James Madison Papers

To James Madison from Thomas Digges, 9 February 1812

From Thomas Digges

Warburton1 9th Feby. 1812

Mr Digges’s2 Compliments & best regards to Mr Madison. He has been a miserable victim to confinement for the last fortnight or He would have waited on Mrs. & Mr Madison: But rubs, at the age too of 68, are the intermediate tributes that we are forced to pay, in some shape or other, to our wretched nature, ’till we pay the last great one of all.

I cannot complete a white thorn Hedge at my lower garden for want of a few thorn sets of about 20 Ins high: And on speaking to Your Gardiner (upon seeing some two or three dozen of such laid by in Earth near yr. old Ice House) He told me they were the overpluss of Your now flourishing garden Hedge, & as He wanted but a very few of them for replacing where others had missd, He “was sure the President would spare some to me.” If this is the case I should be obligd to You Sir to mention it to The Gardiner, and when my boat goes up next to Van ness’s Wharf I will make my Boatman call for them.

We have had here on yesterday a considerable rise in the Runs in & about Piscaty. from heavy rains just after the thaw: my post messenger had nearly been swept away Horse & all.

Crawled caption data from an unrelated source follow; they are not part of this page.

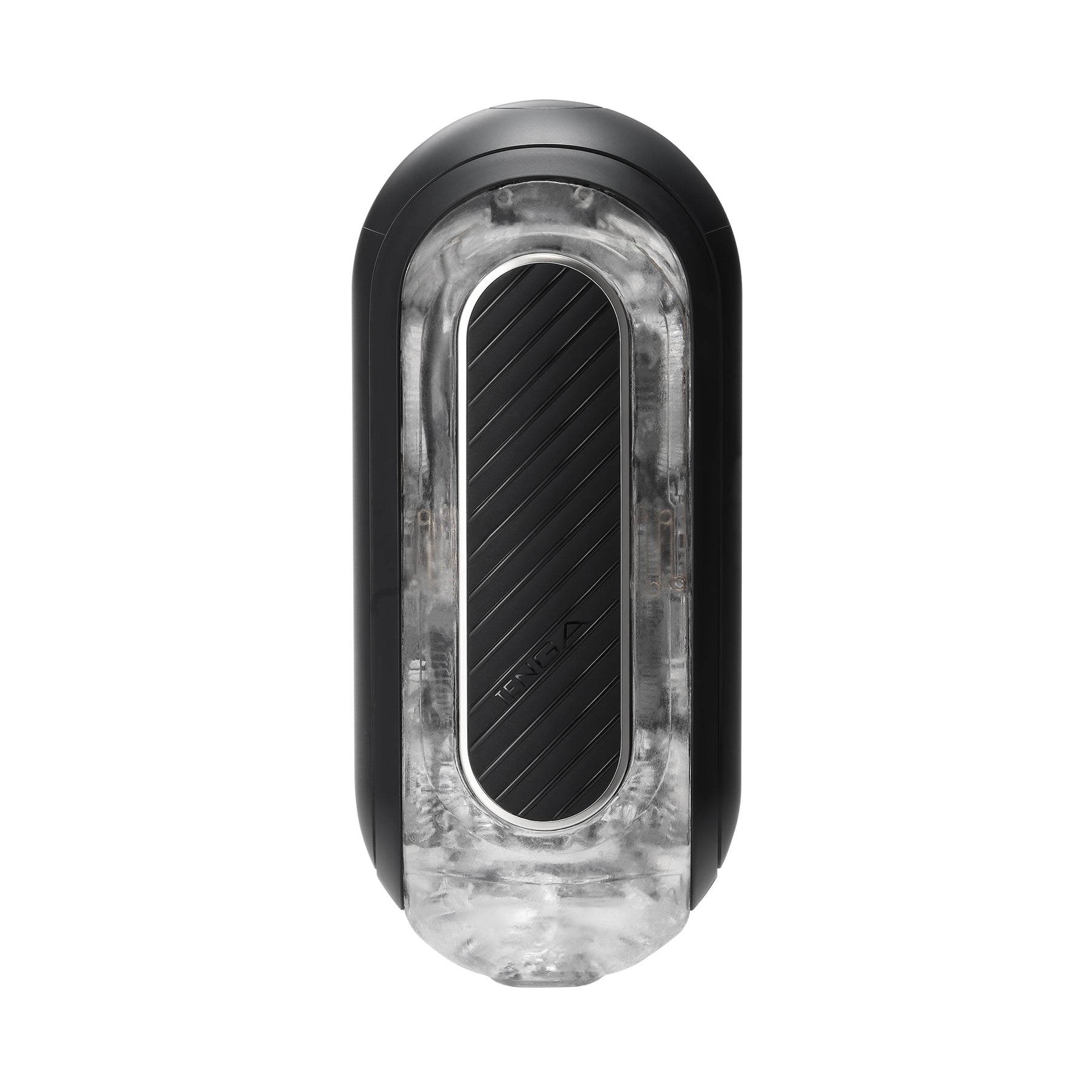 FLIP ZERO GRAVITY EV (ELECTRONIC VIBRATION) BLACK - Sheets Optional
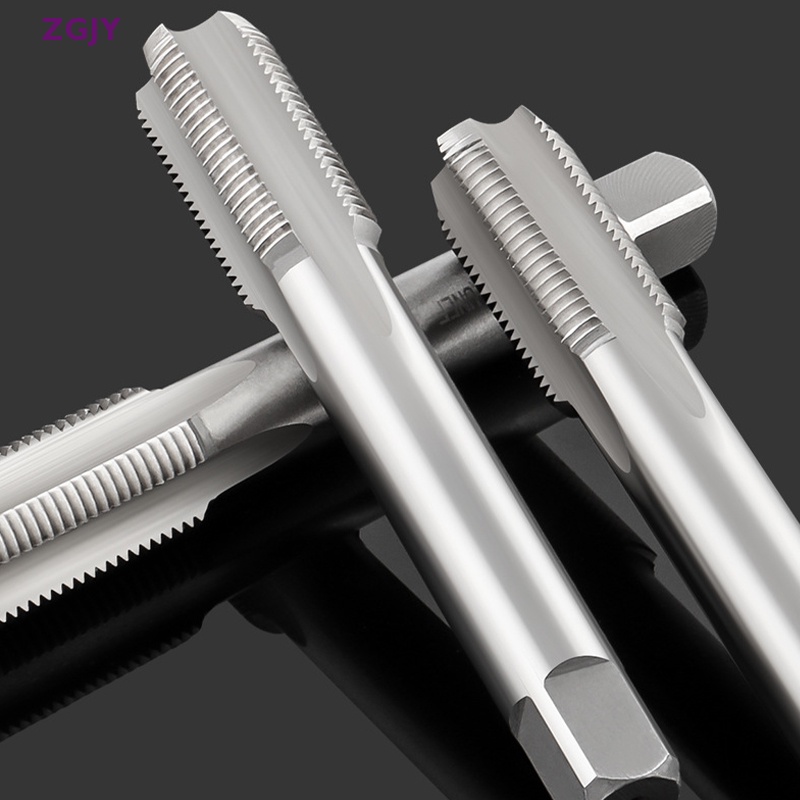 Mũi Khoan Bàn Đạp Xe Đạp ZGJY Bằng Thép Tốc Độ Cao Chuyên Dụng Mới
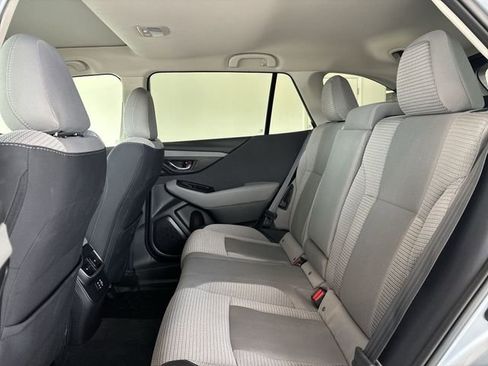 Used 2023 Subaru Outback Premium image 18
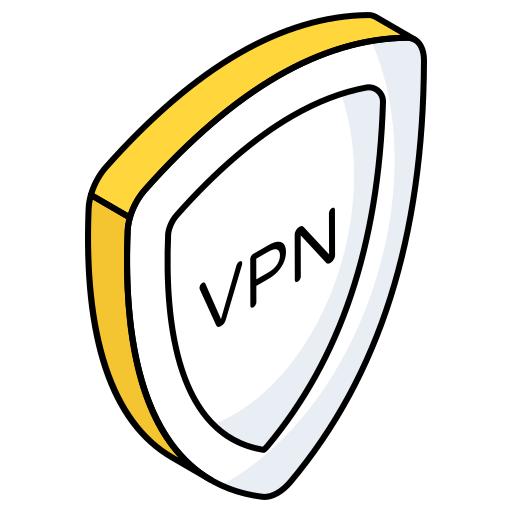 vpn icono gratis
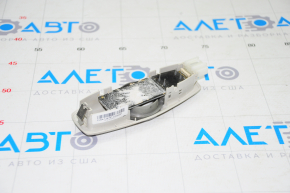 Rear light Ford Escape MK3 13-19 gray, for panoramic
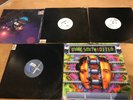 Kutski Vinyl Bundle 10 (Hardcore)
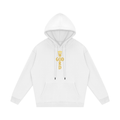 PS23 God Word Streetwear Unisex Fleece Hoodie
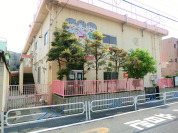 松江おひさま保育園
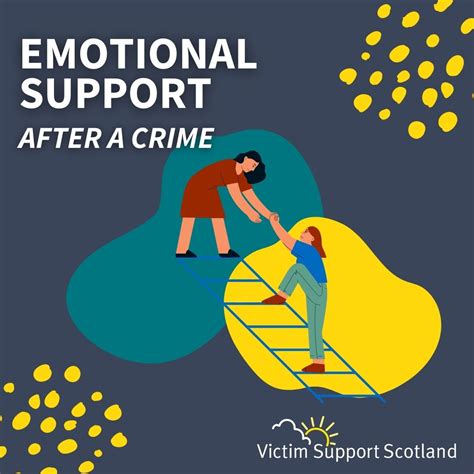 Get support as a victim of crime - GOV.UK - balustradellc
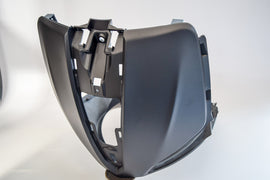 SCUDO ANTERIORE LIBERTY 125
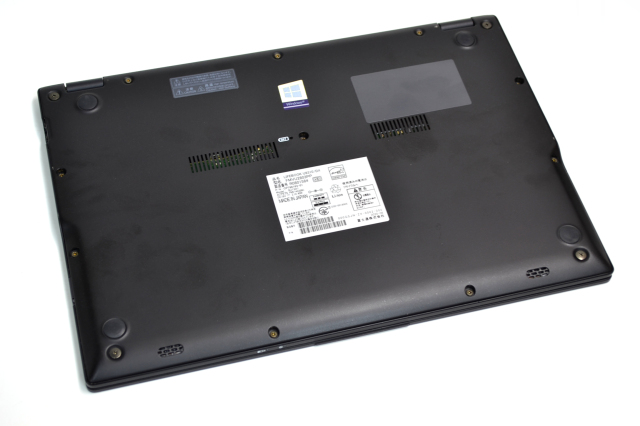 LTE フルHD Wi-Fi6 顔認証 富士通 LIFEBOOK U9310/DX 第10世代 Core i5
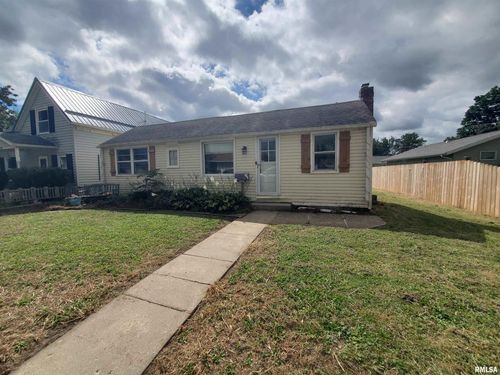 1206 9th Ave, Fulton, IL, 61252-1031 | Card Image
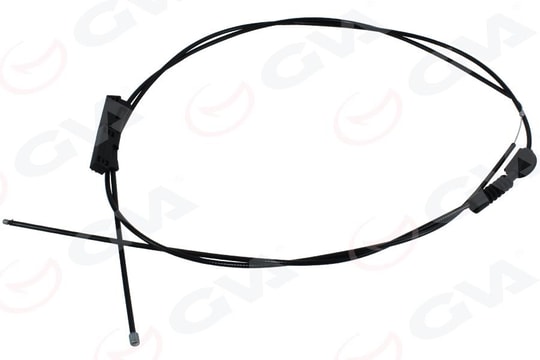 GVAMotor Kaput Açma Teli Volvo S80 V70 Xc70 Xc90 Xc60GVA 9116457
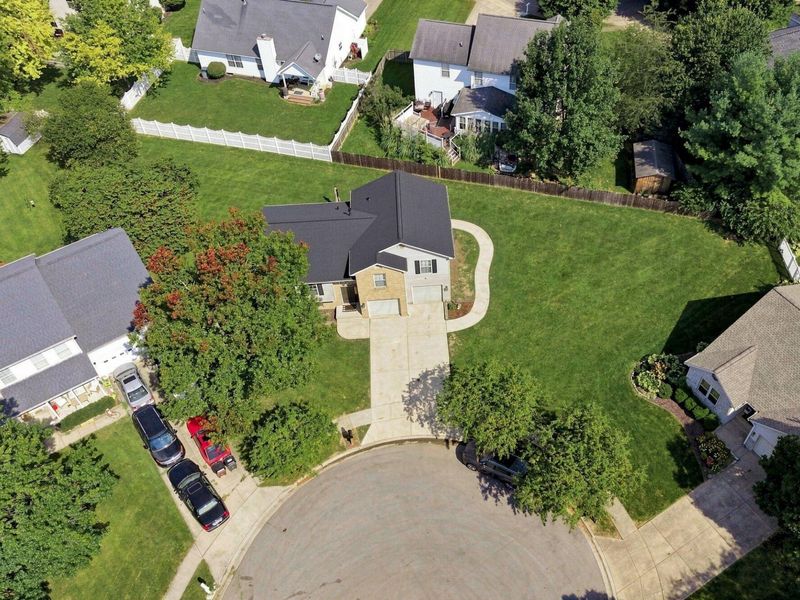 203 Fallen Timbers Court , Canal Winchester, OH 43110 Photo 35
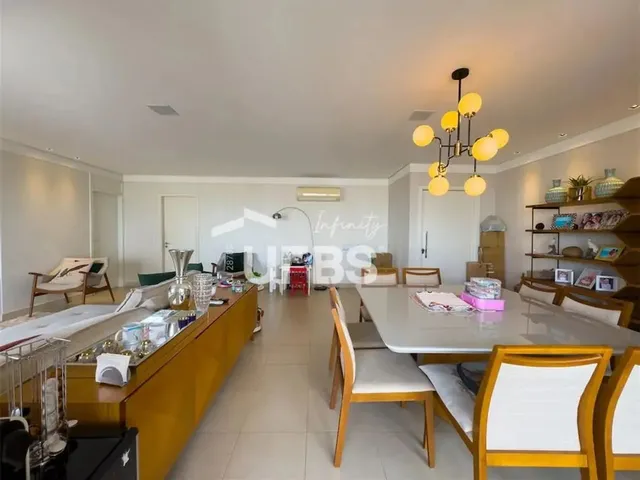 Imagem 10: Apartamento 4 Quartos Setor Oeste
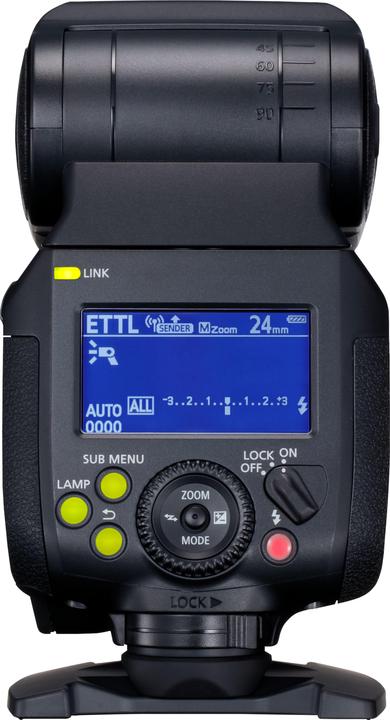Image du produit Canon Speedlite EL-1 (Flash à monter, Canon)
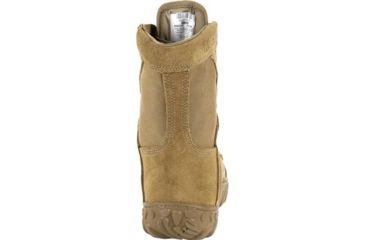 Image of Rocky Boots S2v Waterproof 400g Insulated Military Boot - RKC055CB12M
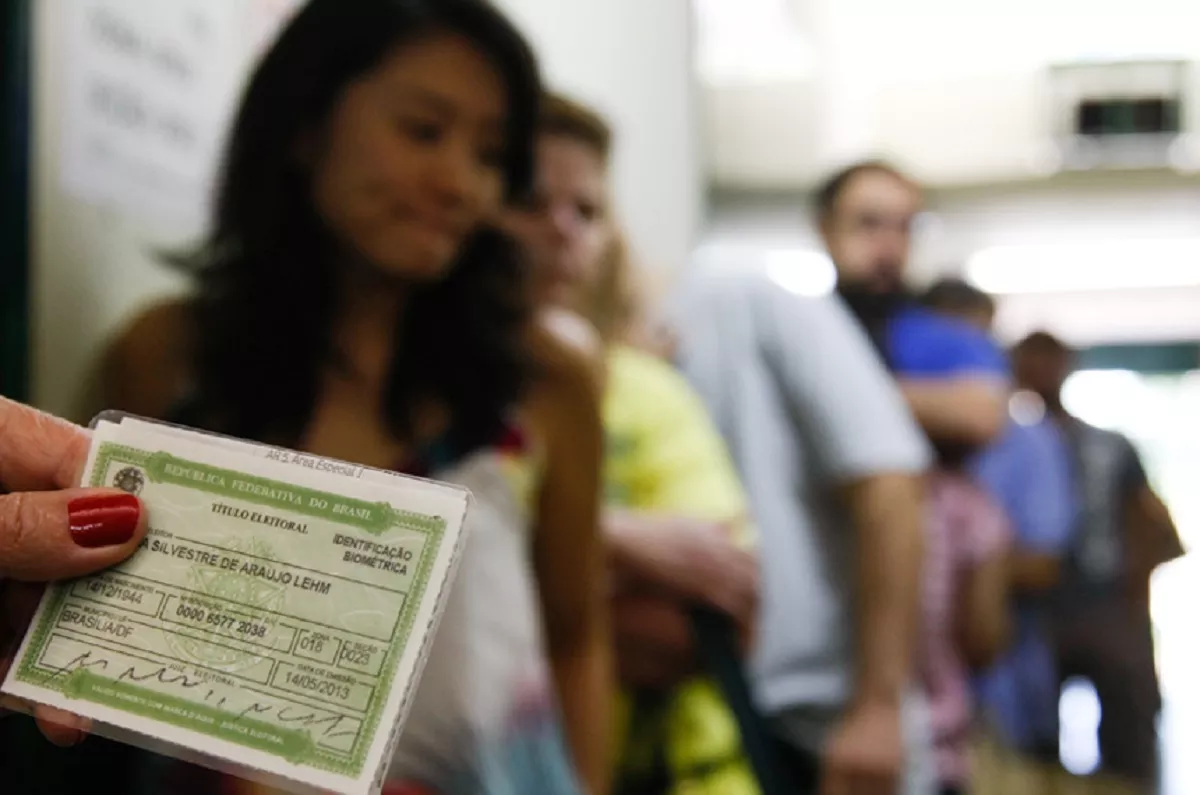 Que horas começa a votação nas eleições 2026? Veja o horário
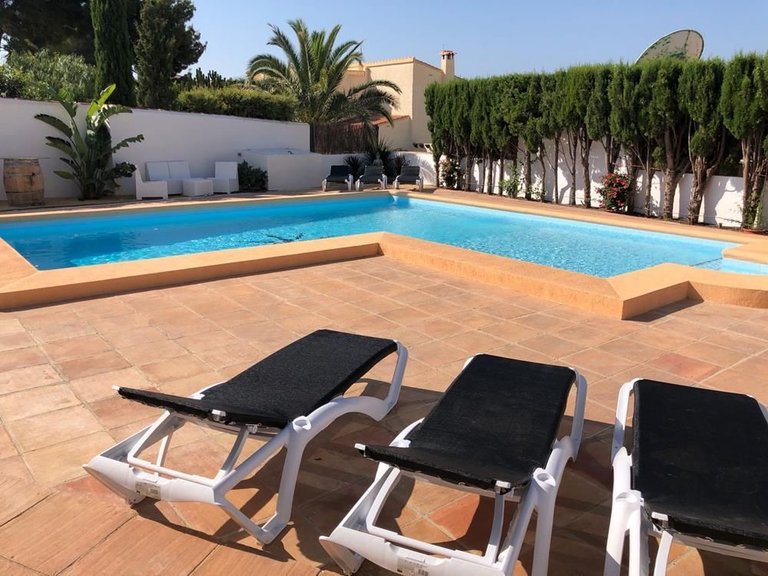 Villa for Sale in Carrio, Calpe, Alicante 21
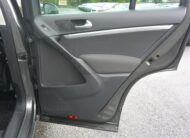 Volkswagen Tiguan 2.0TDi CUP * DSG 4×4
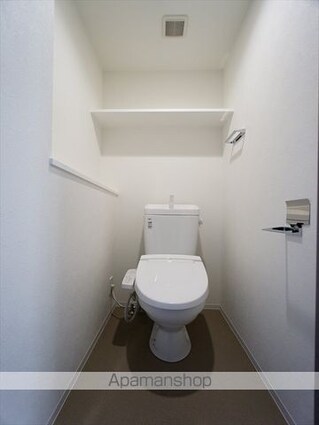 プレサンス吹上駅前エテルノ[1LDK/29.93m2]のトイレ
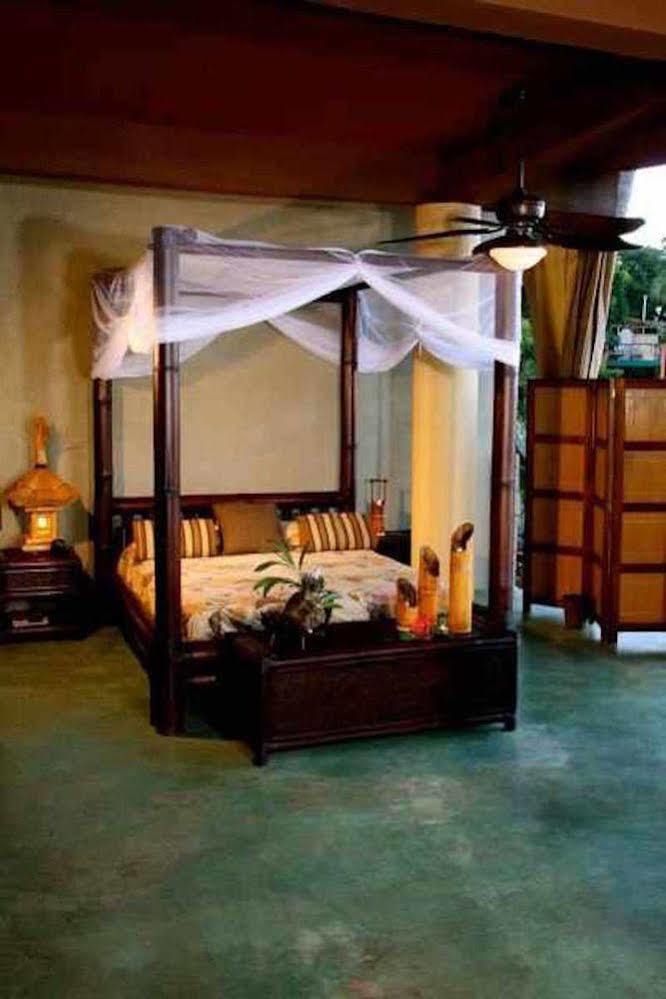 Casa Pericos Yelapa Hotel ภายนอก รูปภาพ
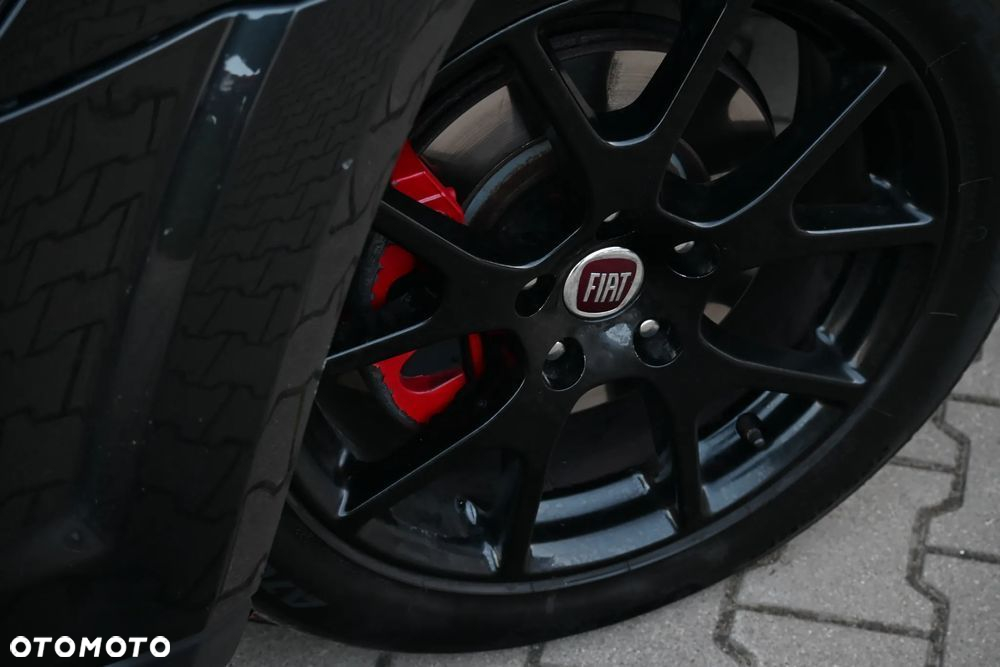 Fiat Freemont 2.0 Multijet 16V DPF Black Code - 22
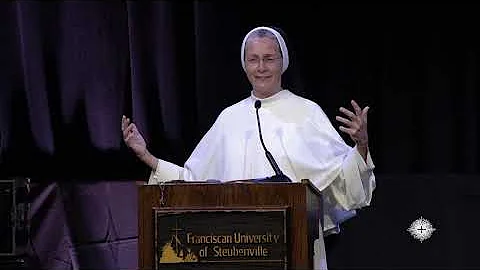 Sr. Mary Michael Fox, OP - A Smoldering Wick, He W...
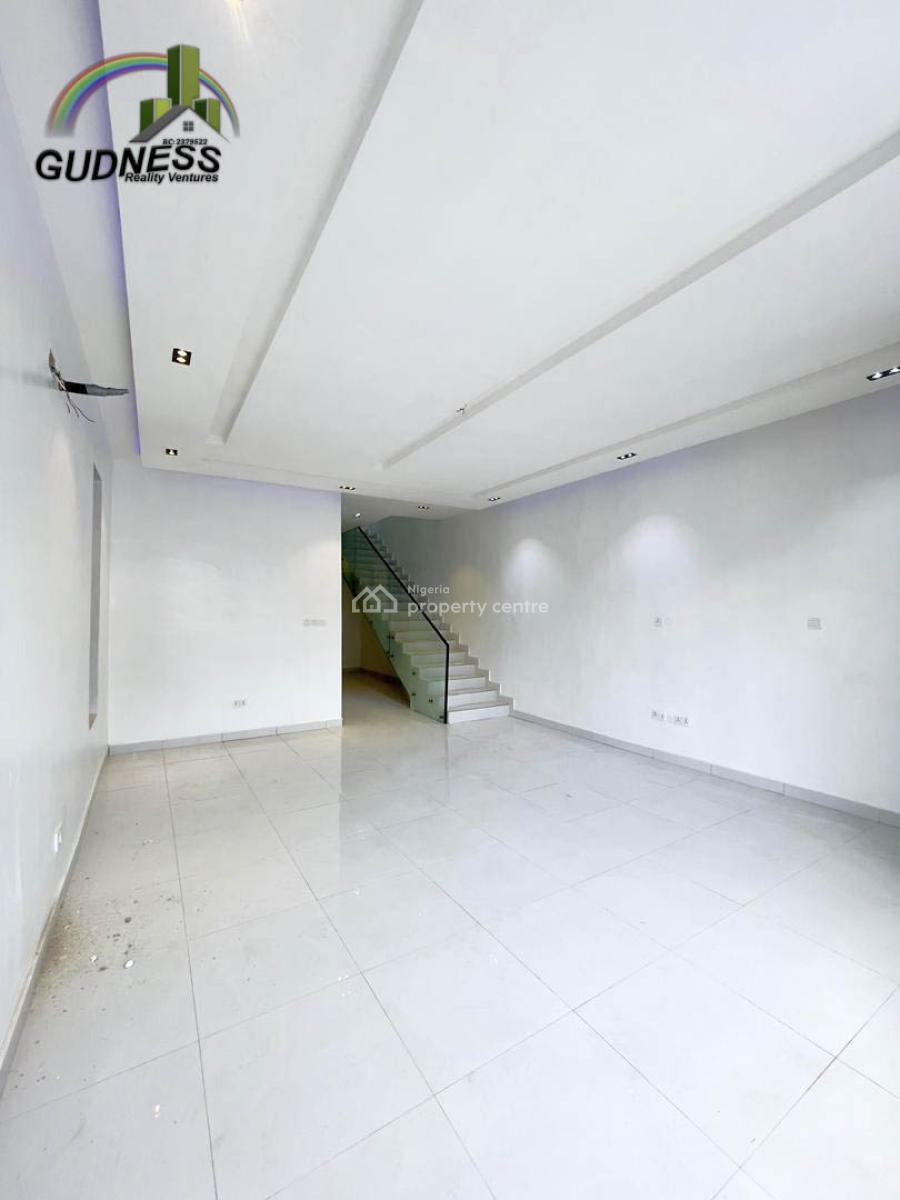 Pretty Decent 4 Bedroom Detached Duplex, Ikota, Lekki, Lagos, Detached Duplex for Sale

If You have a cast by few English Papers I should be obligd by some. I generally find some thing in them new and interesting to me. I am looking out for Good News from Windsor, & the effect of The Prince getting into the Saddle unfetterd & with long reins.3

RC (DLC). Unsigned; docketed by JM.

1Warburton Manor, the Digges family seat, was on the Potomac River, across from Mount Vernon.

2For a biographical sketch of Thomas Attwood Digges (1742–1821), a member of a prominent Maryland family who is now best remembered for his rather colorful career as a diplomatic agent during the American Revolution, see Robert H. Elias and Eugene D. Finch, eds., Letters of Thomas Attwood Digges (Columbia, S.C., 1982), pp. xxiii–lxxvii.

3Digges was contemplating the permanent demise of George III and the removal of all restrictions on the power of the prince regent.